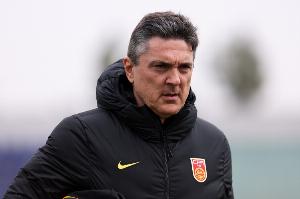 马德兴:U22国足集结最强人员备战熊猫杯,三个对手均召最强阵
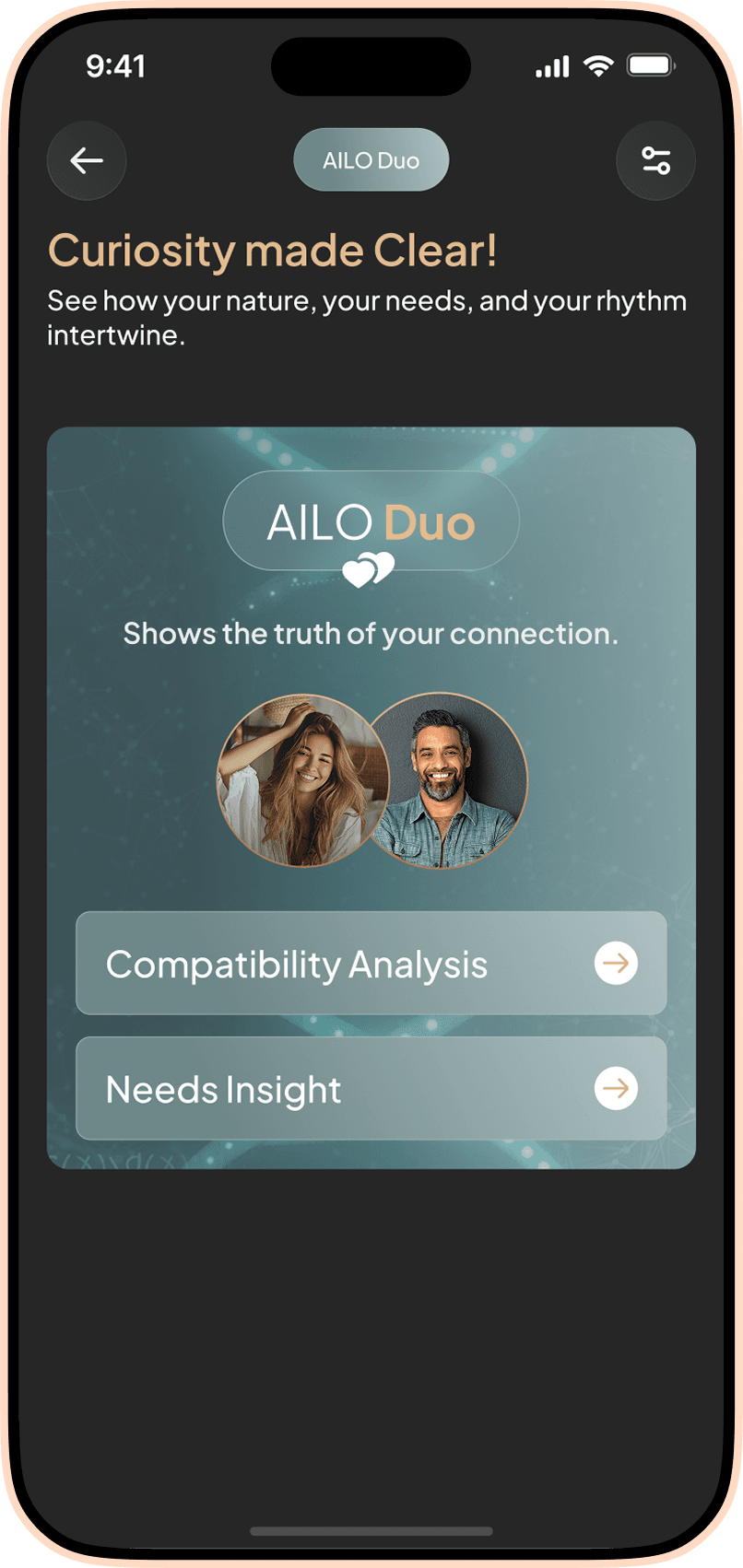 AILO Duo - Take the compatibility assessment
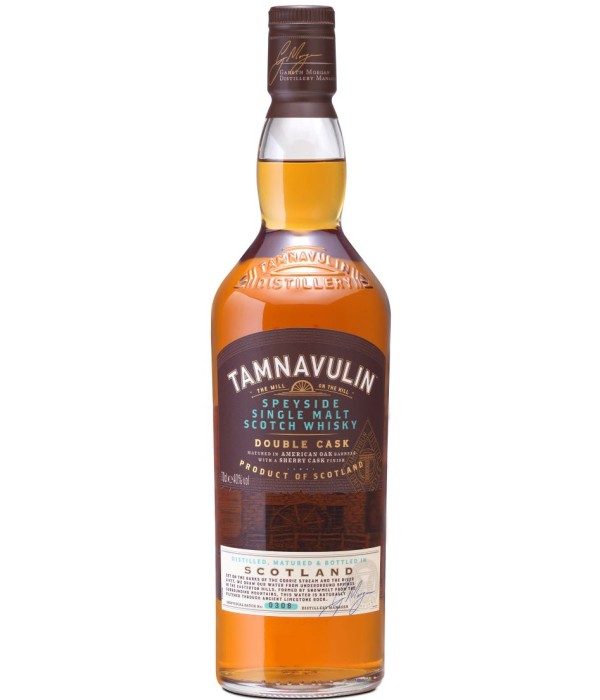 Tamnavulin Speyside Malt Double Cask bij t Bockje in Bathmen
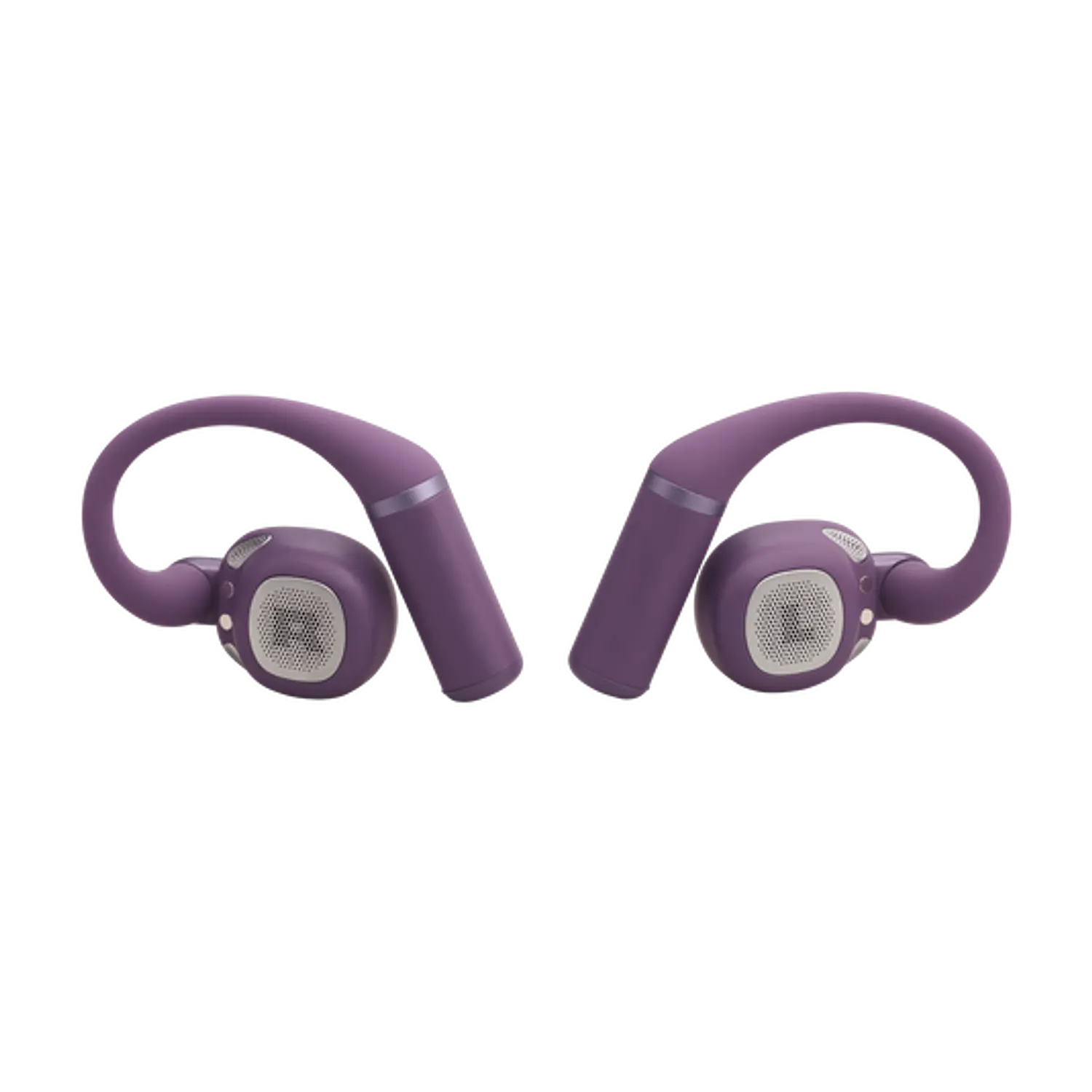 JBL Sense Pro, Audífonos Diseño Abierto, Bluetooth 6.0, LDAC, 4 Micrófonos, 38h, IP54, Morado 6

YOUR ASSIGNMENT:
Leaving every picture out, write out exactly the lines from the one that holds "Tamnavulin Speyside Malt" through the end of the listing, both included.

EXERCISE RESULT:
 Tamnavulin Speyside Malt Double Cask bij t Bockje in Bathmen
 JBL Sense Pro, Audífonos Diseño Abierto, Bluetooth 6.0, LDAC, 4 Micrófonos, 38h, IP54, Morado 6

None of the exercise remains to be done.